The Key Parameters Explained
Why do we monitor so many key parameters? See below an explanation for each of the most commonly monitored parameters.
If free space on a disk drops below an agreed threshold, action can be taken before it causes a problem to either clean up the disk or increase the disk size. We continue to monitor disks for 5 working days after the free space issue is back above the threshold before closing off the ticket.
If a server goes offline, or reports an unexpected shutdown event. These are treated as critical and dealt with immediately.
If a server (or other device such as SAN/DAS, or NAS) reports a hardware component failure or predicted failure, e.g. hard disk, power supply, fan, or ambient temperature too high.
If the UPS (Uninterruptible Power Supply) detects that the incoming power supply has failed, connectivity to the software agent on the servers is lost, or if the battery needs replacing
Where there are multiple internet connections with automated failover between them managed by the firewall, or multiple firewalls set up in High Availability mode, we receive alerts if an internet line or device goes down.
Antivirus software can be set to be automatically deployed to all and any new machines that join the network, we receive notifications into a central console if any endpoint reports an infection or application error.

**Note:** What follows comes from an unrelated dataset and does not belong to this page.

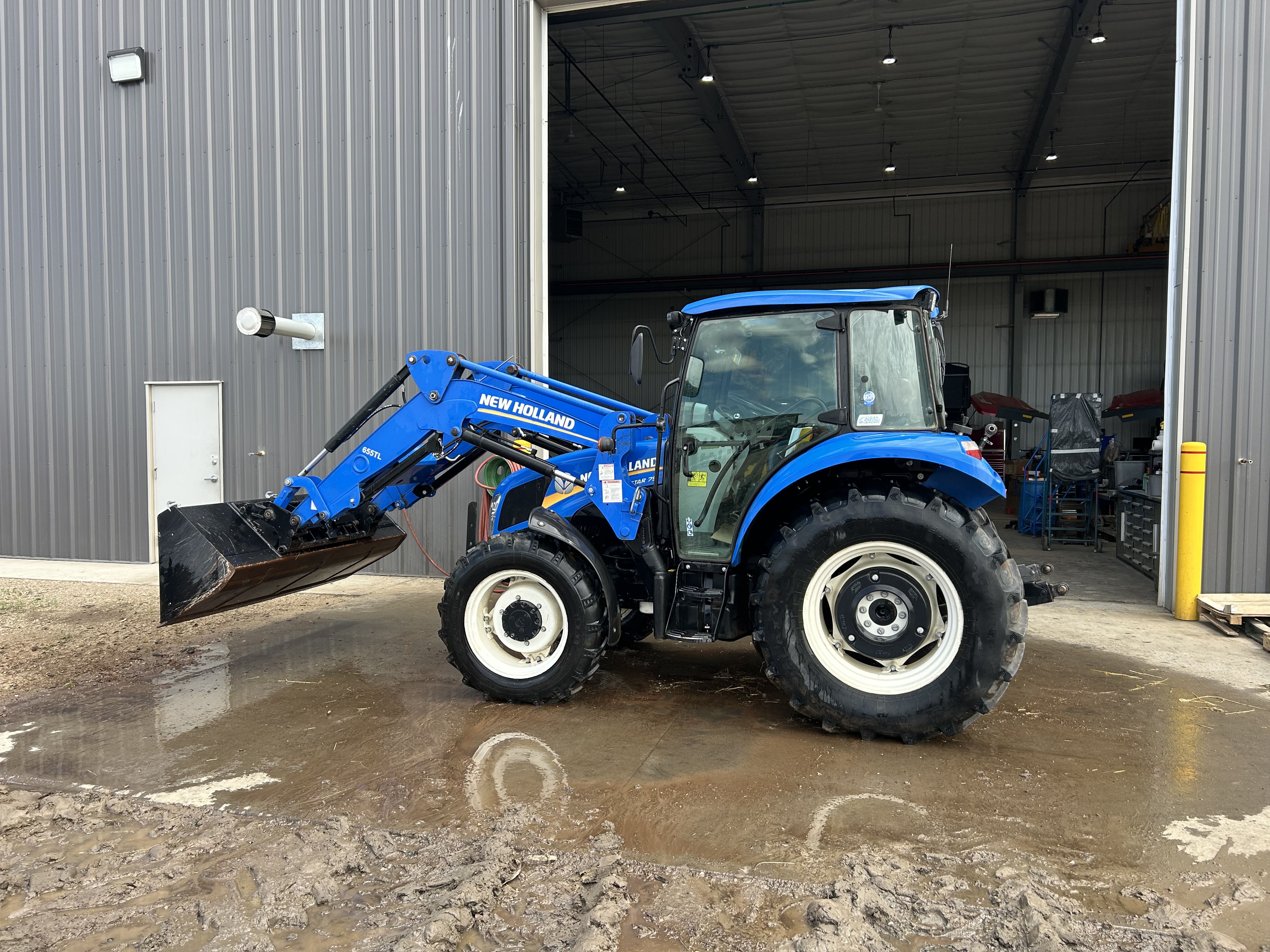 2018 New Holland PowerStar 75 Tractor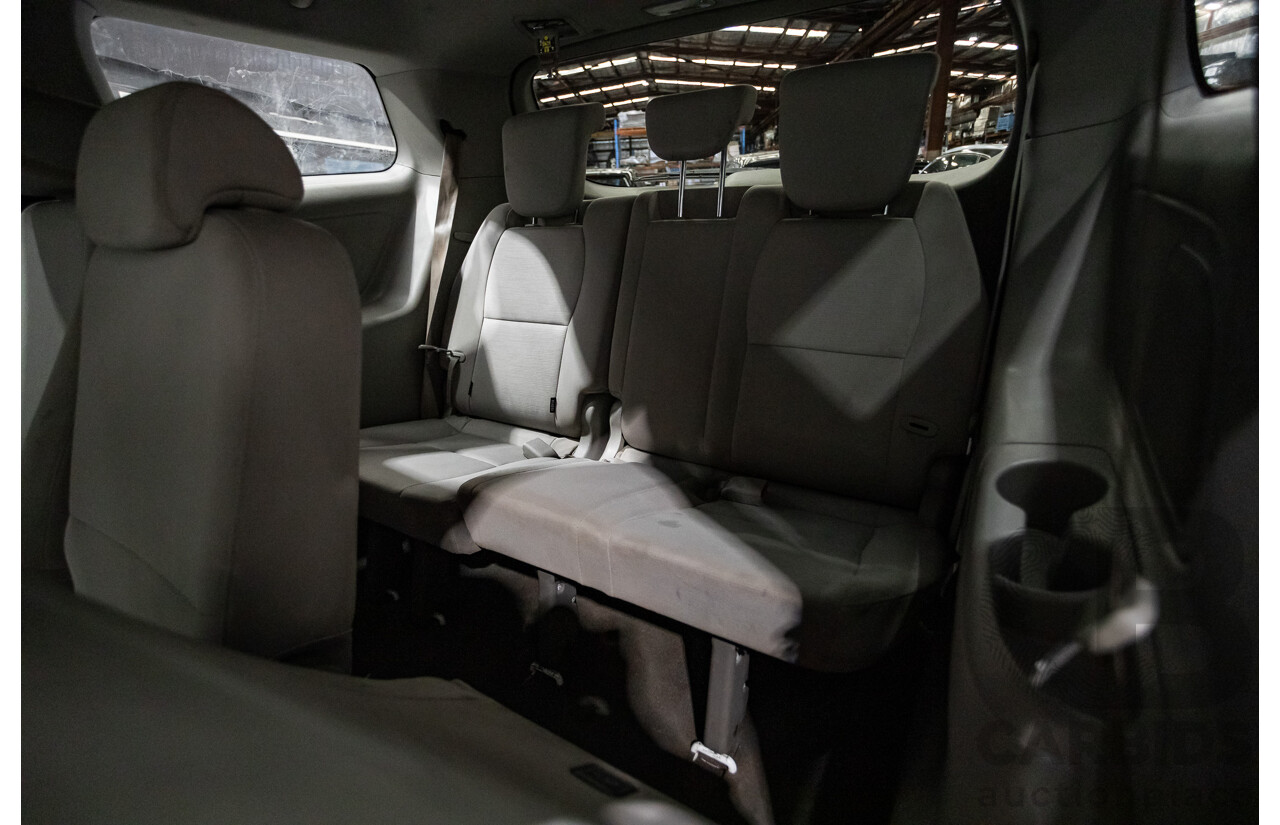 07/2016 Kia Carnival S YP MY16 4D Wagon White 3.3L - 8 Seats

Servers will be patched and rebooted monthly with all critical updates, with automated reboots taking place overnight on a prescribed schedule on agreed dates to avoid disruption
Windows Event Logs
Understanding what does and does not indicate a genuine problem in the Windows Event Logs has a reputation of being somewhat of a black art.
Over the last decade, through our experience we have built up a library of the specific combinations of events and scenarios which actually require action, so our monitoring systems will only flag up events which indicate failures or potential failures, and present them in a format which is colour-coded according to severity, so that appropriate action and priority can be performed by our helpdesk.
Our helpdesk and monitoring teams are closely integrated, so that any new events of interest are found as new operating systems, applications and features are released, can be added to the standard template of alerts applied to all our managed servers.
Any mail queues over a certain threshold or delivery issues at the smarthost level.